Orfeu Bertolami, professor e investigador do Departamento de Física do Instituto Superior Técnico é um dos astrofísicos mais citados. É também um bom divulgador de ciência, como mostra o seu “O LIVRO DAS ESCOLHAS CÓSMICAS”, saído na Gradiva em 2006. Transcrevo aqui o meu prefácio desse livro:
Albert Einstein, cujo “ano milagroso” celebrámos em 2005 no “Ano Internacional da Física”, disse um dia que “o que verdadeiramente me interessa é saber se Deus teve alguma escolha a respeito da criação do mundo”.
Sabido como é que Einstein recusava a ideia de um Deus pessoal, o Deus da tradição judaico-cristã, e usava a palavra Deus no sentido espinosiano de “harmonia do mundo”, aquela frase significa que o sábio estava interessado em saber se as leis da Física, que tão bem descrevem o mundo, decorrem inequivocamente de princípios básicos simples.
O físico Orfeu Bertolami discorre neste seu livro sobre as “escolhas cósmicas”, isto é, as “escolhas de mundos”. Sabemos hoje – e este livro explica muito bem por que o sabemos – que o nosso mundo teve um início. Na escolha entre a “Eternidade e o Génesis”, ganhou o “Génesis”, que na linguagem dos físicos se denomina “Big Bang”.
Seguindo Einstein podemos perguntar a nós próprios se poderia ter sido de outra maneira. De facto, essa não foi a primeira escolha de Einstein. Movido pela sua intuição – e a intuição também pode atraiçoar os génios – Einstein preferiu, num primeiro momento, um modelo estático para a evolução do cosmos. Quis contrariar a expansão indicada pelas suas equações cosmológicas, baseadas na teoria da relatividade geral, por um termo algo misterioso, e posto à mão, a que foi dado o nome de “constante cosmológica”. Era a maneira einsteiniana da “Eternidade” ganhar ao “Génesis”. Mas em breve a observação do afastamento das galáxias, umas em relação às outras, impôs sem margem para grandes dúvidas o “Génesis”. “Foi o maior erro da minha vida”, comentou o sábio rendido à evidência observacional. Contudo, um grande sábio sê-lo-á ainda mais se confiar na sua intuição... Recentemente, colocados perante provas de novo resultantes da observação astronómica, que nos mostram um universo não apenas em expansão mas em expansão acelerada, foi preciso reintroduzir a constante cosmológica que Einstein apressadamente rejeitara.
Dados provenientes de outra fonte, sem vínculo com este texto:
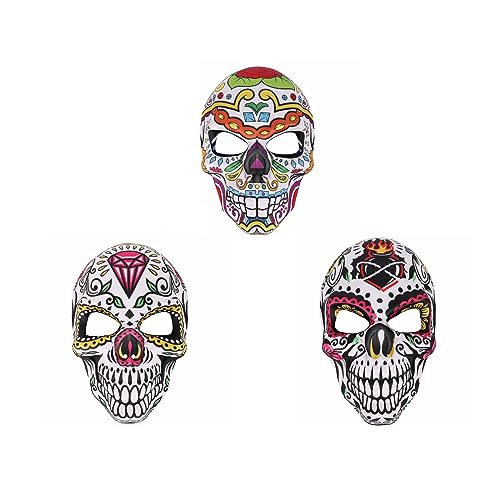 BaronHong Máscara de calavera de azúcar del Día de los Muertos, máscara de Halloween, para cosplay, fiesta mexicana, accesorios de disfraz (pack de 3, M)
No início, e tanto quanto sabemos, o verbo foi o “Big Bang”. Mas muitos pormenores (e pormenores importantes) da evolução cosmológica continuam envoltos em denso mistério. Por que razão essa expansão é acelerada, isto é, que energia misteriosa está subjacente à nova constante cosmológica? E por que razão a certa altura, muito perto do início, houve um período de expansão muito rápida, a chamada inflação? Bertolami conduz-nos, com o saber proporcionado pela sua formação e pela sua experiência de investigação em problemas cosmológicos (ele é um dos poucos físicos que em Portugal trabalham nas teorias da relatividade geral e do campo unificado) e usando uma linguagem acessível que lhe dá o domínio das palavras e das frases da língua portuguesa (poucos saberão que o físico é também dado à poesia), às actuais fronteiras do nosso conhecimento do universo.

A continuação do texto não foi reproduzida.